Raw data
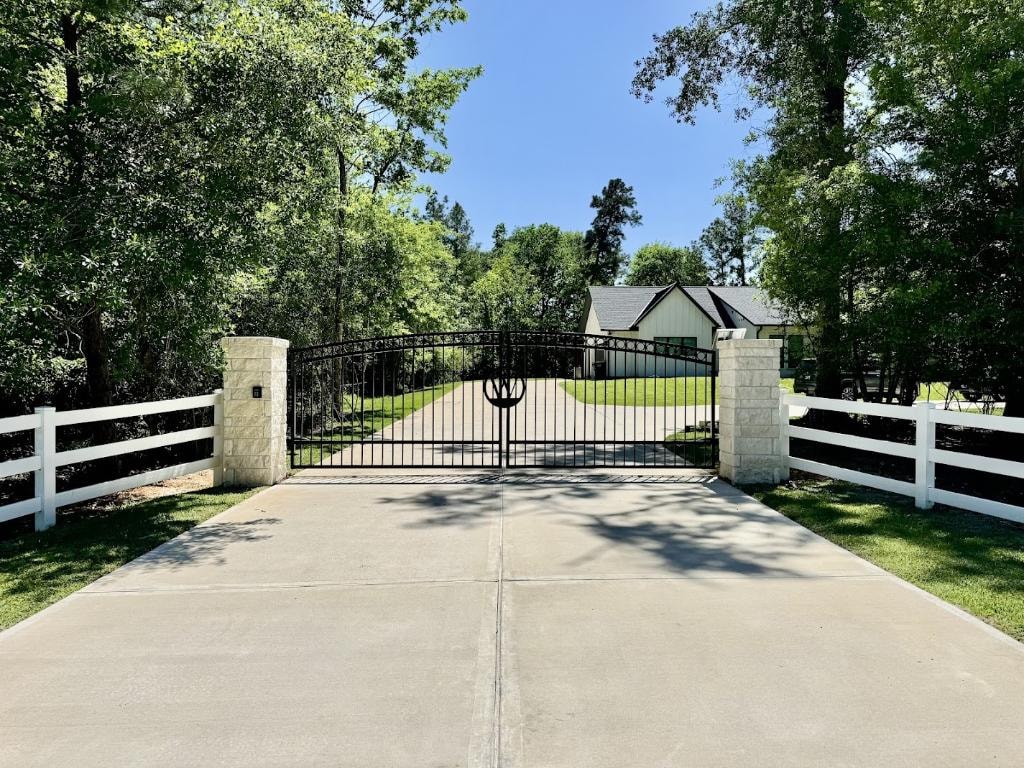 Custom gate installation in North Houston TX by Access Pro Gate Company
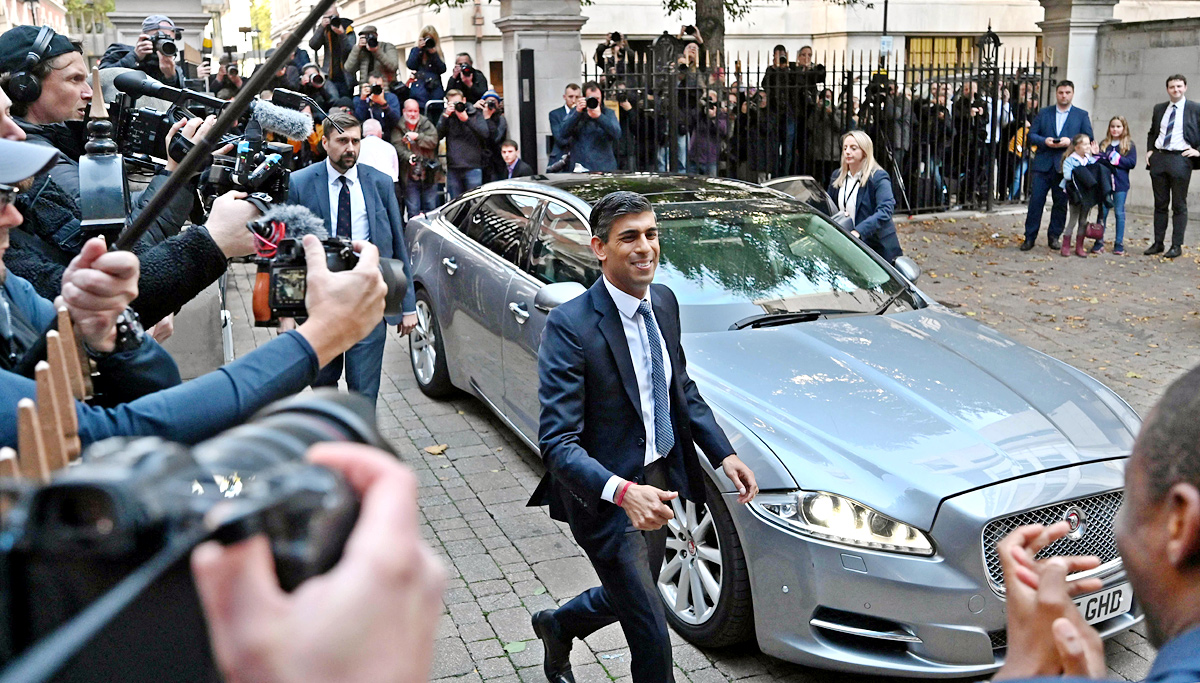 Rishi Sunak Becomes UK first Indian Origin PM - Sakshi6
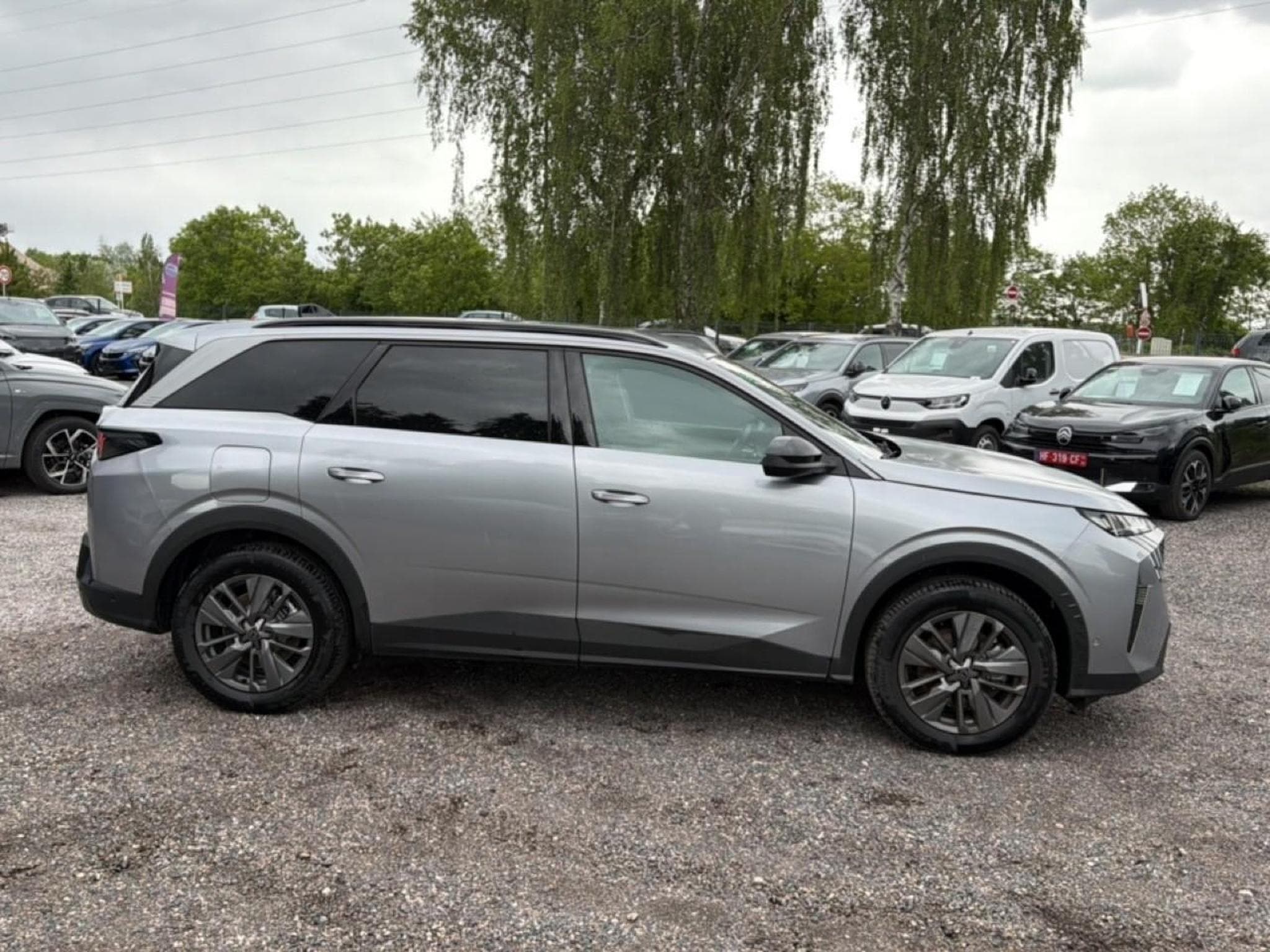 Peugeot 5008 HYBRID 145 ALLURE E-DCS6 (2025) - Foto 4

Task details
The answer must be the full listing above, copied exactly, with no pictures in it.

Answer section
 Custom gate installation in North Houston TX by Access Pro Gate Company
 Rishi Sunak Becomes UK first Indian Origin PM - Sakshi6
 Peugeot 5008 HYBRID 145 ALLURE E-DCS6 (2025) - Foto 4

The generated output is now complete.